3.18      The National Farmers' Federation (NFF) also expressed concerns about the impact that claiming through the BAS would have on its members:

These changes have the potential of leaving some farm businesses out of pocket for a considerably longer period than under the current e-Grant or Energy Credits Grants Scheme claiming arrangements, resulting in real costs for Australian Farm businesses. [26]

3.19      The Australian Trucking Association (ATA) expressed similar concerns:

The ATA has been advised by members the new restriction of only being able to claim excise credits through the BAS will create adverse cash flow consequences for the many small operators who lodge their BAS statements only every three months or even longer.

The ATA believes the extra cost involved and the administrative burden placed upon small business to lodge their BAS statements monthly simply to claim the fuel grant is problematic. What will result is a slowdown of cash flow that will affect the viability of operators. [27]

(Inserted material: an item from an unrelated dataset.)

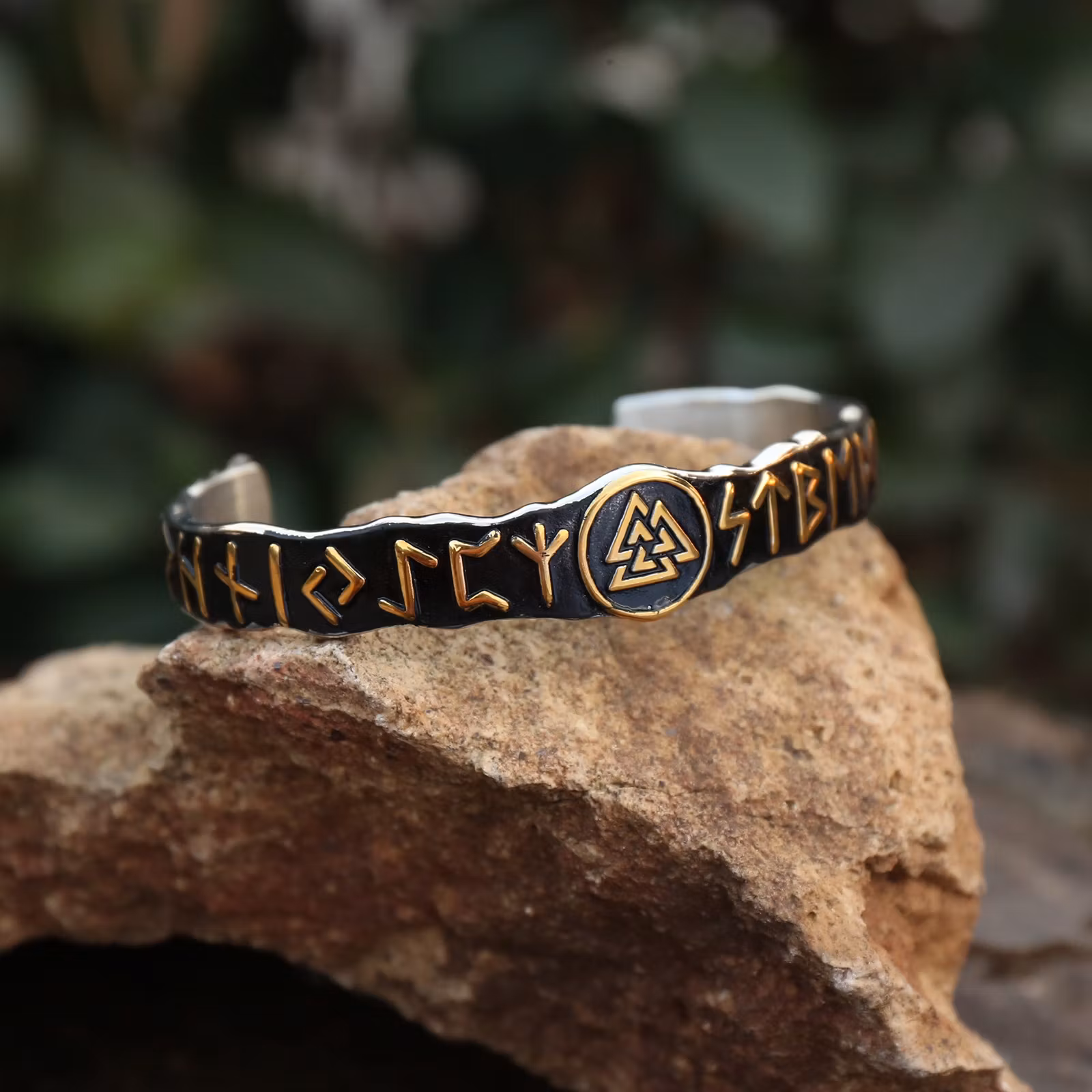 Armband Runornas Valknut (Flera färger)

Transition period announced by the Minister

3.20      The Minister for Revenue and Assistant Treasurer, the Hon. Peter Dutton MP, announced on 1 June 2006 that a two year transition period will be introduced to assist businesses in the move to claiming fuel tax credits through the Business Activity Statement. [28] The Minister said:

Following discussions with the National Farmers Federation, the Australian Trucking Association and fishing and paint manufacturing industries, the Government has proposed a two year transition measure to help claimants of fuel tax credits get in tune with the new system.

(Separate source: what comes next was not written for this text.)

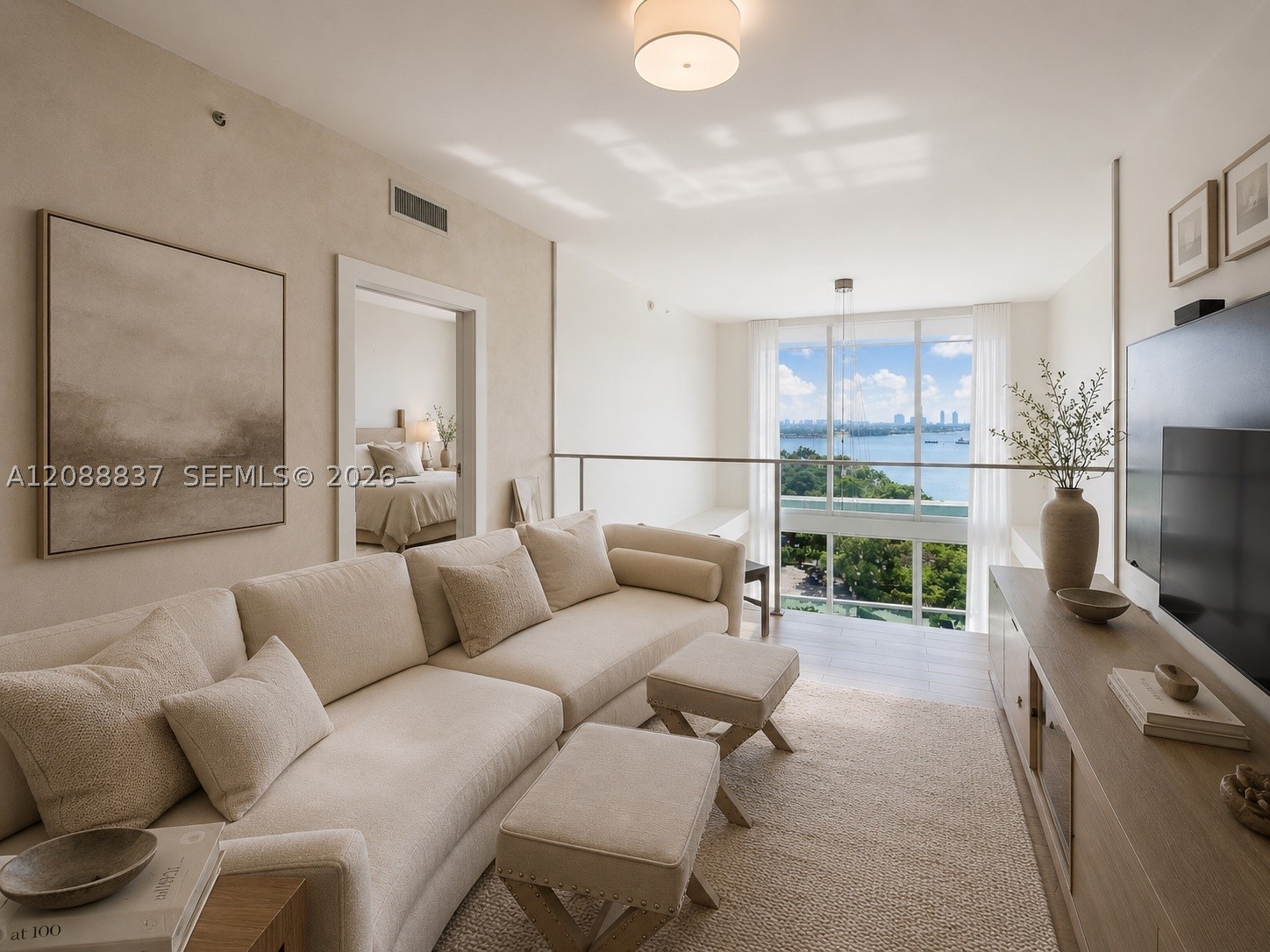 900 Biscayne Blvd #1109, Miami FL 33132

...This two year transitional period will allow businesses to align their practices to the new arrangements so that by 1 July 2008 all fuel users who make claims will be aware of how the new system works and come on board.[29]

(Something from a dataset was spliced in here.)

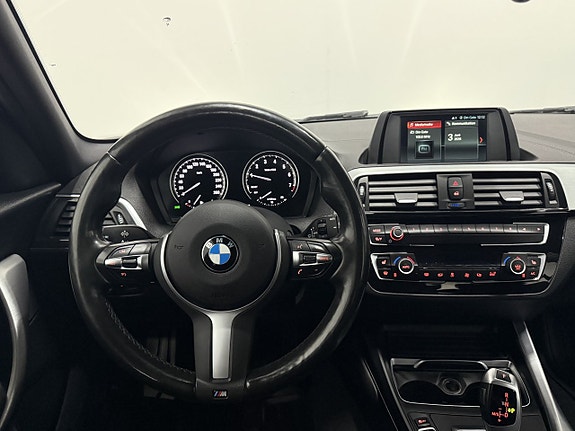 BMW 118i 9 of 10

3.21      Mr Pilkington argued that while the transitional arrangements announced by the Minister for Revenue and Assistant Treasurer are a good start, it is necessary to ensure that cash flow problems would not occur again beyond the transitional period.[30]

3.22      The Australian Chamber of Commerce and Industry (ACCI) expressed similar concerns:

I am not convinced that two years is going to make everything fine. With the inclusion of the two-year transitional period, these businesses will still have to pay for fuel with excise; they will have to pay 38c a litre more for fuel and they will have to claim it back through a separate process. So both their cash flow and compliance costs will go up, but not by as much as they will at the end of the two-year period. So it is better than nothing, but I do not think is a vast improvement. [31]

3.23      The NFF expressed its concern about a lack of flexibility for claiming fuel credits.[32] Mr Ben Fargher, Chief Executive Officer, NFF told the Committee that while the NFF supports the Bills, its membership has raised concerns in relation to the eGrant system.[33] The Committee notes that the ability to claim excise through the eGrant system will be retained during the two year transition period announced by the Minister for Revenue and the Assistant Treasurer[34].

3.24      The Committee also notes that Mr Colmer of the Treasury provided evidence that the eGrant system is not widely used:

I must say that some of the claims seem a little overstated to us. We are aware, for example, that very few farmers use eGrant and very few farmers claim particularly frequently under the existing scheme. Some of the cases that are put up for the cash flow argument have been chosen to maximise the impact and they are not necessarily representative of the reality of the situation as far as we can see.[35]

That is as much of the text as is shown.